Update

2018-05-21

apt-transport-https
visual studio code
upgarde pip to 9.0.1
python 3.6.2
miniconda 4.4.10
Tensorflow 1.8.0 (only for compute 6.1)
JupyterHub still master
JupyterNotebook 5.4.1
JupyterLab 0.32.1
Keras 2.1.6
OpenCV 4.0 (do not compile examples)
Boost 1.67

2017-11-26

Added pytorch, pytorch visual, and tensorboard for pytorch. Bumped some packages versions. Removed gcc from anaconda. Unfortunately that bumped image size to 12.8GB.

2017-10-30

Added notebook extensions.

2017-10-29

Using the bazel hack from official Google's docker I managed to put TF compilation part into the main docker. I have also used docker staging build so now if something is compiled it is compiled in a container that is not being commited and only necessary files are being copied over (or installation files, like whl in case of opencv, tensorflow, protobuf). This way the final image got slimmed down from 18GB to 10GB.

MLDocker

This is a copy of my dockerized machine learning environment. As I have been reinstalling my system recenlty quite often I decided to put it into docker for the ease of deployment.

By default docker does not support any HDW passthrough, so GPU cannot be used from within, but using nvidia-docker wrapper one can start utilizing GPU using docker. I predominantly use python, so as for now jupyter notebook does not contain any kernels for other languages.

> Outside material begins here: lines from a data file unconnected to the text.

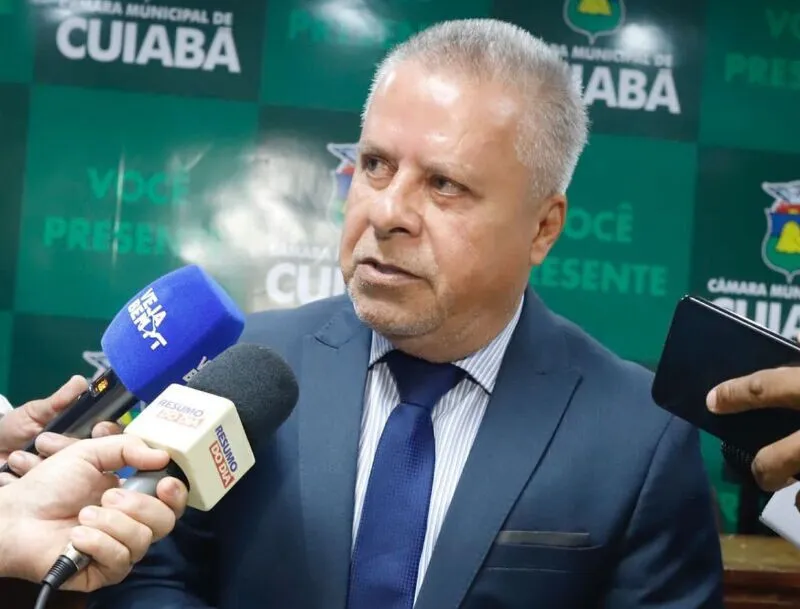 Chico 2000 e Joelson se tornam réus por corrupção, lavagem de dinheiro e associação criminosa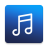 icon Free Music Player(Mp3-speler en muziekdownloader) 1.0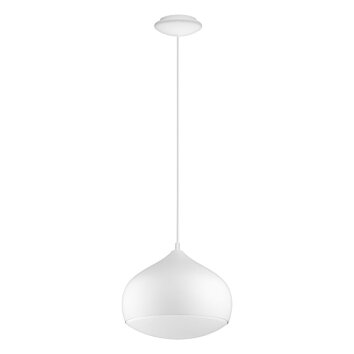EGLO CONNECT COMBA-C Pendant Light LED white, 1-light source, Colour changer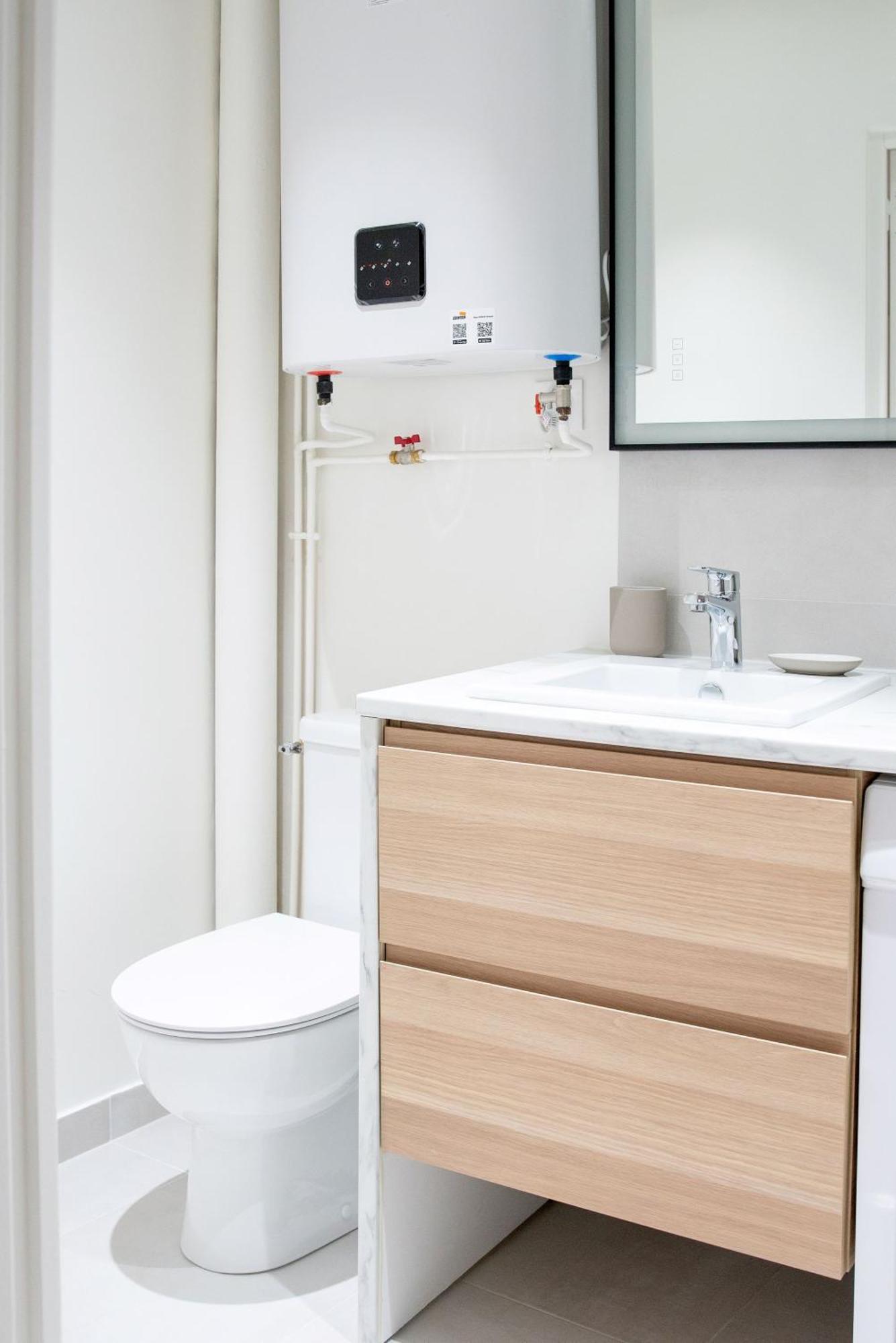 Central Paris - Montorgueil - Cityapartmentstay المظهر الخارجي الصورة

This allowed me to move my whole ML environment to the docker. The aim here was to have most imporatant libraries compiled from the source, so if new version gets released you can easily update without waiting for binaries. As for now that includes:

Tensorflow
Keras
VTK
OpenCV (with GPU support and contrib modules)
Protobuf (C++ implementation for Python)
Pillow-SIMD (wheel)
JupyterHub
JupyterLab
JupyterNotebook
GLog
GFlags
GTest
Boost
OpenBLAS
XGBoost

Probably in the future I will extend it with a couple more ML libraries, but as for now I mainly utilize Tensorflow. All versions of libraries can be set through environment variables (those should be located in the beginning of reach Dockerfile).

Prerequisites

Docker/nVidia-Docker

Docker-CE - at the moment I am using Edge branch, as Docker 17.06 available in stable has a bug that does not remove some unnecessary files from /etc/lib/docker/diffs, which can grow quite fast. Also I have switched from Aufs to OverlayFS2. Change is very simple, please see the docs, but be aware that you will lose all containers and images when switching between filesystems. So it is better to do before starting any work.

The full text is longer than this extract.